Ogni
guerra si sa come comincia, mai come finisce. Spesso inizia per
sbaglio, per una scommessa o un rilancio fondato sulla “sicurezza” che
l’avversario avrebbe fatto buon viso a cattivo gioco.
Sembra
così anche per l’attuale “guerra dei dazi” innescata da Donald Trump
contro la Cina (e l’Unione Europea, in primo luogo la Germania). Neanche
l’ostentata assenza di investitori cinesi alle ultime due aste di
titoli di Stato a stelle-e-strisce ha distolto i vertici statunitensi a
recedere dalla propria offensiva. La partita, come si sa, è del resto
vitale: riportare negli Usa buona parte delle produzioni sparse in giro
per il mondo, ricreando produzione e mercato interni, devastati da
delocalizzazioni e corsa alla speculazione finanziaria.
La
Cina ha risposto alla sua maniera, dicendo di non volere la guerra e
attendendo qualche giorno prima di rispondere, con misure comunque
inferiori a quelle decise – o minacciate, visto che si applicheranno
solo alle merci in partenza, ma non a quelle già in viaggio –
dall’immobiliarista col ciuffo.
Dazie
esattamente simmetrici – 25% – ma su un parco merci inferiore (60
miliardi contro gli oltre 300 colpiti dagli Usa). Mentre The Donald prepara un’altra infornata altrettanto colossale.
In
teoria tutto si può ancora fermare all’improvviso, facendo spuntare di
nuovo il sole sui mercati e il commercio globale. Così come tutto può
sfuggire di mano. Del resto, la pretesa Usa che Pechino renda
“scalabili” le proprie società più importanti (sotto la dizione “fine
degli aiuti di Stato”) è decisamente inaccettabile per i cinesi, che
vedrebbero sconvolti propri assetti di sistema economico.
Non
paradossalmente, a soffrire di più – al momento – è proprio la sponda
statunitense. Ad affrontare i ribassi, infatti, sono soprattutto le
borse e soprattutto il mercato delle materie prime. I semi di
soia, per esempio, uno dei principali prodotto esportati da Washington a
Pechino, registrano scorte a livelli record (non vengono venduti,
insomma) e stanno calando velocemente di prezzo: sotto gli 8 dollari per
bushel, come ai tempi della recessione globale, dieci anni fa.
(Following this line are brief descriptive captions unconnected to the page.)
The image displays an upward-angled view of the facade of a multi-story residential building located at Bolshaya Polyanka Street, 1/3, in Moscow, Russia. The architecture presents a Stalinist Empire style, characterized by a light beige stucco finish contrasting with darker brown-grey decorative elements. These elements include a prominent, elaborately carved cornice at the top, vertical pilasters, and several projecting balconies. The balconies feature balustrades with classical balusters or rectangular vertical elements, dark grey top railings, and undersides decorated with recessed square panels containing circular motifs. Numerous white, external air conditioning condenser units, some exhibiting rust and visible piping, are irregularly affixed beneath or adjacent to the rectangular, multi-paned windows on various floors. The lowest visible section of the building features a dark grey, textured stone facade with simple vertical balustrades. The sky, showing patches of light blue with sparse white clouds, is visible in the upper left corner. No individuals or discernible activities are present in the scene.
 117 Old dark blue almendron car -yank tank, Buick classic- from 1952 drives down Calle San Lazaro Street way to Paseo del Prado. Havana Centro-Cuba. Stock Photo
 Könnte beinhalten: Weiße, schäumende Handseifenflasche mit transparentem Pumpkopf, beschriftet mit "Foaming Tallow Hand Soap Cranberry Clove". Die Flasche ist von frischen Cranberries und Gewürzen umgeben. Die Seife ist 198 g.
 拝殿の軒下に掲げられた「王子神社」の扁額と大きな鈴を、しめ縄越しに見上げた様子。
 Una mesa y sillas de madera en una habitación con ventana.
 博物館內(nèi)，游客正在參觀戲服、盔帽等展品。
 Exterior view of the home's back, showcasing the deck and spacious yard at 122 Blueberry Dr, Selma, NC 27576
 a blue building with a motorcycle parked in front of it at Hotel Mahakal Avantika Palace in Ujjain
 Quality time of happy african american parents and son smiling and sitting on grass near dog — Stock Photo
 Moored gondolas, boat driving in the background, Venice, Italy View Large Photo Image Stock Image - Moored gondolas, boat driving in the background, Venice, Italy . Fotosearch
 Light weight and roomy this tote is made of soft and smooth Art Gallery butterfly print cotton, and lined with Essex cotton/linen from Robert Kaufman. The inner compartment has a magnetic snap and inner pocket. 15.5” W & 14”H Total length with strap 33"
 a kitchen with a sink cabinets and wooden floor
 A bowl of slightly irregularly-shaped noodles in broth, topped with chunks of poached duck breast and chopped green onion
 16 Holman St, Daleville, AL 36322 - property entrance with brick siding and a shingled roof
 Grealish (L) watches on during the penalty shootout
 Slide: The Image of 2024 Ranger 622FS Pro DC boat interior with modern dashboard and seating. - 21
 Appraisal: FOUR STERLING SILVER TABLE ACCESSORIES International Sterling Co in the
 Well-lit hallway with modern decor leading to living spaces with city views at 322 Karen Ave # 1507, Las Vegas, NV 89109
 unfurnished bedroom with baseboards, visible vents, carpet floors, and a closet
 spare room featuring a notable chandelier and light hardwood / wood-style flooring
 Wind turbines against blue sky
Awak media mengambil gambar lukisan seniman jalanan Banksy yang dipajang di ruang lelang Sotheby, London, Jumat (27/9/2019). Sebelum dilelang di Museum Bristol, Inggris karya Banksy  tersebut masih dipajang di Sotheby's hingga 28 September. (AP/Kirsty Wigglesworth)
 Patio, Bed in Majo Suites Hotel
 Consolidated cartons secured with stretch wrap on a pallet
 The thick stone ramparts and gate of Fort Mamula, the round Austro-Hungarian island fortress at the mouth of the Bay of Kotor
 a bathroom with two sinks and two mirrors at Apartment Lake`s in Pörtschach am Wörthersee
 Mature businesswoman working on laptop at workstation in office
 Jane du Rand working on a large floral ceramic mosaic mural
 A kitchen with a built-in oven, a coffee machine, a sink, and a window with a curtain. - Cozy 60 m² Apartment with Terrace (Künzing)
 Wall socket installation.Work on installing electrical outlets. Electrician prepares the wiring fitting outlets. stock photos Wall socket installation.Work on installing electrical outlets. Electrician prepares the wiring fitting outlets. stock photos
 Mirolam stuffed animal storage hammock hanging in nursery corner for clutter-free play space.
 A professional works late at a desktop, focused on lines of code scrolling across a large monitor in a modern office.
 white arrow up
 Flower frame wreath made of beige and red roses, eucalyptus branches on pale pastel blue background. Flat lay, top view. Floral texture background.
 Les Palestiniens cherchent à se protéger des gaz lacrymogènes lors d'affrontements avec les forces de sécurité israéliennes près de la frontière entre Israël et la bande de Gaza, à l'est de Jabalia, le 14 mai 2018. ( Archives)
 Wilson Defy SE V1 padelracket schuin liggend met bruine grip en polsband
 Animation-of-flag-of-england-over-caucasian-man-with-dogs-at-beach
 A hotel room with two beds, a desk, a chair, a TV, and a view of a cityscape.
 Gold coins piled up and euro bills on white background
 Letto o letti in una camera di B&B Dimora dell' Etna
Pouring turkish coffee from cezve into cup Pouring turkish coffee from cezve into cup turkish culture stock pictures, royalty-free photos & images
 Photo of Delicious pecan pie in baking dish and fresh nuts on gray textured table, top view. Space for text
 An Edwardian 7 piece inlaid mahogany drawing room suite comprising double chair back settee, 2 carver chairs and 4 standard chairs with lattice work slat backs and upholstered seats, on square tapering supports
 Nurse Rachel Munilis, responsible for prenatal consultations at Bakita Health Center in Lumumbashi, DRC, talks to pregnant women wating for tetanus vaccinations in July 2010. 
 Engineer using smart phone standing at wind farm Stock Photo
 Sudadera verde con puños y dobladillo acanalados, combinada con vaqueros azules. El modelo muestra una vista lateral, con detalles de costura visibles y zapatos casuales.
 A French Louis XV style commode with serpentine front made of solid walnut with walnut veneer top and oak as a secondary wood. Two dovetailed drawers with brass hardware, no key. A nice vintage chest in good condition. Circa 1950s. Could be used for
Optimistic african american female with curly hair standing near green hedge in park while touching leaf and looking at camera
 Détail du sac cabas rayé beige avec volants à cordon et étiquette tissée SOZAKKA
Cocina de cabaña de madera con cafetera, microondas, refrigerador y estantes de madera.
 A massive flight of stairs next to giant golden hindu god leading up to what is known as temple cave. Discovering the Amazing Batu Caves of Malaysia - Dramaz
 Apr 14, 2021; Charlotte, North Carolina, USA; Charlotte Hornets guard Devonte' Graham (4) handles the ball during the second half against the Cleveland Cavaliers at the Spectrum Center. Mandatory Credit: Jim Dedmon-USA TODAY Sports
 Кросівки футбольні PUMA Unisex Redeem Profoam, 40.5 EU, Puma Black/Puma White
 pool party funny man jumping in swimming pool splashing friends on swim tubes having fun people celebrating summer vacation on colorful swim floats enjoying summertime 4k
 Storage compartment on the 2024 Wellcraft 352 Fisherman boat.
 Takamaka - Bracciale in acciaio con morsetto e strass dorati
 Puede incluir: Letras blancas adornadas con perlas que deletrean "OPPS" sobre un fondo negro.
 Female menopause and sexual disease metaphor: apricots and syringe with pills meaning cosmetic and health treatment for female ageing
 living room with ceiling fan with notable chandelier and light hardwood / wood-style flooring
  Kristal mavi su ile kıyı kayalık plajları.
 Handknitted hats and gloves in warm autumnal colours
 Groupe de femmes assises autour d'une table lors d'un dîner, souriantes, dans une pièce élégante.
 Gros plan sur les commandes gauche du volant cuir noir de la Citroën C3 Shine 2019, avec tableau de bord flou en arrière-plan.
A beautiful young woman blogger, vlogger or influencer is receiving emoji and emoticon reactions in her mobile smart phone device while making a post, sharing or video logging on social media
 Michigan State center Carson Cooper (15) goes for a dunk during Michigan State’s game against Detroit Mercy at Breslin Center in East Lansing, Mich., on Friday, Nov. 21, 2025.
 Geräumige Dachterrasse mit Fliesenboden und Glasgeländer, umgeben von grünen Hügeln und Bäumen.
Idem per
il cotone, che ha perso oltre il 4%.
A
rimetterci è insomma la fascia dei produttori agricoli Usa, il cuore di
quell’America profonda che ha sollevato Trump dalle truffe immobiliari
alla presidenza degli Stati Uniti.
Ma
una possibile frenata generale dell’economia mondiale – impossibile
rispettare le già non rosee previsioni, se i primi due giganti
cominciano a darsele – trascina con sé anche i prezzi del petrolio,
ferro e gas, che pure non entrano mai nella lista dei prodotti
“sovra-tariffati”.
Al contrario, i treasury bond
della Federal Reserve – considerati il più sicuro dei prodotti
finanziari sicuri – hanno recuparato un po’ di prezzo (e dunque
diminuito i rendimenti – dopo la gelata derivante dal disinteresse
cinese.
Sembra
una buona notizia per Trump (diminuisce il costo del debito), ma in
realtà allontana l’obbiettivo dichiarato: diminuire il peso della
finanza e aumentare quello dell’economia reale.
Senza contare i disastri che potrebbero nascere a ridosso di una guerra tariffaria “vera” e non sono minacciata.